Driscoll v. Zoning Bd. of Adjustment, 2018 Pa. Commw. LEXIS 782 (December 27, 2018)
An appeal becomes moot where the zoning permit application at issue is abandoned and the limited exceptions to the mootness doctrine do not apply.
Applicant applied for a permit to erect a non-accessory sign on property (Property) owned by the City. Pursuant to its Zoning Code (Code), the City issued Applicant a permit for the sign (Permit). Appellants appealed the issuance of the Permit to the City’s Zoning Board of Adjustment (ZBA). Appellants argued the Code provisions under which the Permit was issued were “unfinished, defective, and in conflict with other sections of the [Code].” The ZBA affirmed the issuance of the Permit and Appellants appealed to the Court of Common Pleas. Applicant subsequently withdrew and abandoned the Permit and then filed a motion to quash Appellants’ appeal on the basis it was moot because Applicant had abandoned the Permit. The trial court agreed and determined, further, that none of the exceptions to the mootness doctrine applied to the case. Appellants then appealed to the Commonwealth Court.
Per the Commonwealth Court, the mootness doctrine “requires that an actual case or controversy be in existence ‘at all stages of review, not merely at the time the complaint is filed.’” An “actual case or controversy” exists where: (1) there is a real, not just hypothetical, legal controversy; (2) the controversy “affects an individual in a concrete manner so as to provide the factual predicate for a reasoned adjudication”; and (3) the parties are sufficiently adverse such that the adjudicatory body can reach a resolution of the matter. There are three exceptions to the mootness doctrine, but their applicability is rare. A court will still consider a moot case if: (1) “the conduct complained of is capable of repetition yet evading review”; (2) the case “involves questions important to the public interest”; or (3) one party will “suffer some detriment” if the case is not decided.
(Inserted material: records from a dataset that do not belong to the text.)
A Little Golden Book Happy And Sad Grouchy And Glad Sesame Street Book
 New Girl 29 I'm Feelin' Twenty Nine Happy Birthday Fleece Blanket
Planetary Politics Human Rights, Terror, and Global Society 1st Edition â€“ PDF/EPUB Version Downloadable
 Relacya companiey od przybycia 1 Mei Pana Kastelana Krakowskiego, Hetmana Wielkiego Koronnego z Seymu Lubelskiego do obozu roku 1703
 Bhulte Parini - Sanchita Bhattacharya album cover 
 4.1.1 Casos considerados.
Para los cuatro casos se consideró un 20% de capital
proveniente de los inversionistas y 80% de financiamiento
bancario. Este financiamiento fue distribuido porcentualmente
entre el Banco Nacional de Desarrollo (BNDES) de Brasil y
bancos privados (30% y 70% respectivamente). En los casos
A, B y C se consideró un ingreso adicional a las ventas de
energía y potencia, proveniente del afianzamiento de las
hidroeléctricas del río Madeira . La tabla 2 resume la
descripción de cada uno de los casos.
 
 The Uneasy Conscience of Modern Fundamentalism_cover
In Applicant’s case, the Court determined there no longer was an actual case or controversy because Applicant had withdrawn and abandoned the Permit and, therefore, was no longer permitted to erect the sign. Further, the first exception did not apply because of the appeal process in place for permits. Per the Court, “[w]here parties may avail themselves of an appeals process, this Court has held that, although the issues underlying the appeal may be likely to recur, the issues are not likely to escape judicial review.” With respect to the second exception, the Court stated that “the public importance exception is very rarely applied” and determined that it did not apply in this case. In general, the second exception applied to cases involving a “concrete harm to society,” such as educational subsidies for public schools, voter registration, and due process rights for students before being suspended. Appellants’ aesthetic concerns and tenuous concerns regarding blight and property values did not adversely affect life, liberty, or property at a level sufficient to make the second exception applicable. Appellants did not invoke the third exception. Accordingly, the Court affirmed the trial court’s order.